··· Data records

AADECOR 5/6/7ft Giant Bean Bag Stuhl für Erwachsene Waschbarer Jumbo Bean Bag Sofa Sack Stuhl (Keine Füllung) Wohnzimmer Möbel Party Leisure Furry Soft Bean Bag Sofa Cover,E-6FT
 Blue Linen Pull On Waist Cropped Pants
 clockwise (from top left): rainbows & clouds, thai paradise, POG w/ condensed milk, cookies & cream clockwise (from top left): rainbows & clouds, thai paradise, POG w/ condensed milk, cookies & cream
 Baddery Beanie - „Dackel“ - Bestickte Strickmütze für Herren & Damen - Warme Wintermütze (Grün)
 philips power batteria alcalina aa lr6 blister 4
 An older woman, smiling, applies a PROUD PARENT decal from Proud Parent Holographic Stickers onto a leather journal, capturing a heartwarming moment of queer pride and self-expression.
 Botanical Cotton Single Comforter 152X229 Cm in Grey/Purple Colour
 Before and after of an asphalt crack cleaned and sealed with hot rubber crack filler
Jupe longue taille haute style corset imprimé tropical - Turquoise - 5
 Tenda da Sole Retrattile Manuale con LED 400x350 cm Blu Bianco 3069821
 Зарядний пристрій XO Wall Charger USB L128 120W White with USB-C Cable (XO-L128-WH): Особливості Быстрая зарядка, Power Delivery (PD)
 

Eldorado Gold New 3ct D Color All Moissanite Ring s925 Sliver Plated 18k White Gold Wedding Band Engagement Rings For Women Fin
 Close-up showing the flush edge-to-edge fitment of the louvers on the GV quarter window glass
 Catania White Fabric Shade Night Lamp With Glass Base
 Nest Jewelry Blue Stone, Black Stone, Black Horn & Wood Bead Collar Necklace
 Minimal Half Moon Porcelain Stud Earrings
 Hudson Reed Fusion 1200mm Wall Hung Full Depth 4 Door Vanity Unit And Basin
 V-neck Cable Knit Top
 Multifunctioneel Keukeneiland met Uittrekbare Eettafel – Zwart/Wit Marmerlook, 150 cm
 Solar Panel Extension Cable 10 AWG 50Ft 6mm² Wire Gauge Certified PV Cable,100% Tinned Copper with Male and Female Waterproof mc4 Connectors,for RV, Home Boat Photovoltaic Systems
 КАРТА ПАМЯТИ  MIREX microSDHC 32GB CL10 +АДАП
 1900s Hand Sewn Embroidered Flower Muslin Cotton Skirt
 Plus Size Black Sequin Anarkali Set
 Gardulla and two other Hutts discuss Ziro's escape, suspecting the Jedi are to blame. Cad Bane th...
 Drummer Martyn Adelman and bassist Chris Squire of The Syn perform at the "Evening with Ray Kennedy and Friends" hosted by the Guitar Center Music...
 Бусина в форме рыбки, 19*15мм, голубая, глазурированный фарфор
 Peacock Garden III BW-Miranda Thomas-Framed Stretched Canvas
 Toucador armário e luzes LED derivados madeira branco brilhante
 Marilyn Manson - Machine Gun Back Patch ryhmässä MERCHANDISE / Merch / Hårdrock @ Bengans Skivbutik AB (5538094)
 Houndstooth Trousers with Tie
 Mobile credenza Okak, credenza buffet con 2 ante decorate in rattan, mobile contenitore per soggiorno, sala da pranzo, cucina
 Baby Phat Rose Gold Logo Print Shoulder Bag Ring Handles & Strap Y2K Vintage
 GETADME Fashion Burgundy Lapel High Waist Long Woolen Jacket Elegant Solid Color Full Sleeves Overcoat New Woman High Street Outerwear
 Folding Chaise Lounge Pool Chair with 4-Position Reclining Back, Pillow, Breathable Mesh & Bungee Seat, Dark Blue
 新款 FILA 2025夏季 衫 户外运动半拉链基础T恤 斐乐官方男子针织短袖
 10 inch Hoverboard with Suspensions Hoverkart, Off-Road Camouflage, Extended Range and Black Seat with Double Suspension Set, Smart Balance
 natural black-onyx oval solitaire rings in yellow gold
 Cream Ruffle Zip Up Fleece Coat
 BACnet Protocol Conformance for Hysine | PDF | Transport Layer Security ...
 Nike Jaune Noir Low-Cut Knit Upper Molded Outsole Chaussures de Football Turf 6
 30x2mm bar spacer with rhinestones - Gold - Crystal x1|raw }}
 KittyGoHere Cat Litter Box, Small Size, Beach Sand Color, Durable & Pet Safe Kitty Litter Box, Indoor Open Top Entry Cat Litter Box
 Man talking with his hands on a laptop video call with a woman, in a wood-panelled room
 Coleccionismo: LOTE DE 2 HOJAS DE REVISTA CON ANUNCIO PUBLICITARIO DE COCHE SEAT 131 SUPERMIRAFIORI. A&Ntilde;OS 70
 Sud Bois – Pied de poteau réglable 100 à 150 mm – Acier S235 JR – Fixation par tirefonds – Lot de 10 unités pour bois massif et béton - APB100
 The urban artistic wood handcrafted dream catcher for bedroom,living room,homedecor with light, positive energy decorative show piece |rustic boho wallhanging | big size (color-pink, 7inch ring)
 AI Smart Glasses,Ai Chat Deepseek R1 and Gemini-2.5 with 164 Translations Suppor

······

**Task description**
Please write out exactly the lines from the start of the data through the line that contains "Multifunctioneel Keukeneiland met", both ends included, and nothing else.

**Answer space**
AADECOR 5/6/7ft Giant Bean Bag Stuhl für Erwachsene Waschbarer Jumbo Bean Bag Sofa Sack Stuhl (Keine Füllung) Wohnzimmer Möbel Party Leisure Furry Soft Bean Bag Sofa Cover,E-6FT
 Blue Linen Pull On Waist Cropped Pants
 clockwise (from top left): rainbows & clouds, thai paradise, POG w/ condensed milk, cookies & cream clockwise (from top left): rainbows & clouds, thai paradise, POG w/ condensed milk, cookies & cream
 Baddery Beanie - „Dackel“ - Bestickte Strickmütze für Herren & Damen - Warme Wintermütze (Grün)
 philips power batteria alcalina aa lr6 blister 4
 An older woman, smiling, applies a PROUD PARENT decal from Proud Parent Holographic Stickers onto a leather journal, capturing a heartwarming moment of queer pride and self-expression.
 Botanical Cotton Single Comforter 152X229 Cm in Grey/Purple Colour
 Before and after of an asphalt crack cleaned and sealed with hot rubber crack filler
Jupe longue taille haute style corset imprimé tropical - Turquoise - 5
 Tenda da Sole Retrattile Manuale con LED 400x350 cm Blu Bianco 3069821
 Зарядний пристрій XO Wall Charger USB L128 120W White with USB-C Cable (XO-L128-WH): Особливості Быстрая зарядка, Power Delivery (PD)
 

Eldorado Gold New 3ct D Color All Moissanite Ring s925 Sliver Plated 18k White Gold Wedding Band Engagement Rings For Women Fin
 Close-up showing the flush edge-to-edge fitment of the louvers on the GV quarter window glass
 Catania White Fabric Shade Night Lamp With Glass Base
 Nest Jewelry Blue Stone, Black Stone, Black Horn & Wood Bead Collar Necklace
 Minimal Half Moon Porcelain Stud Earrings
 Hudson Reed Fusion 1200mm Wall Hung Full Depth 4 Door Vanity Unit And Basin
 V-neck Cable Knit Top
 Multifunctioneel Keukeneiland met Uittrekbare Eettafel – Zwart/Wit Marmerlook, 150 cm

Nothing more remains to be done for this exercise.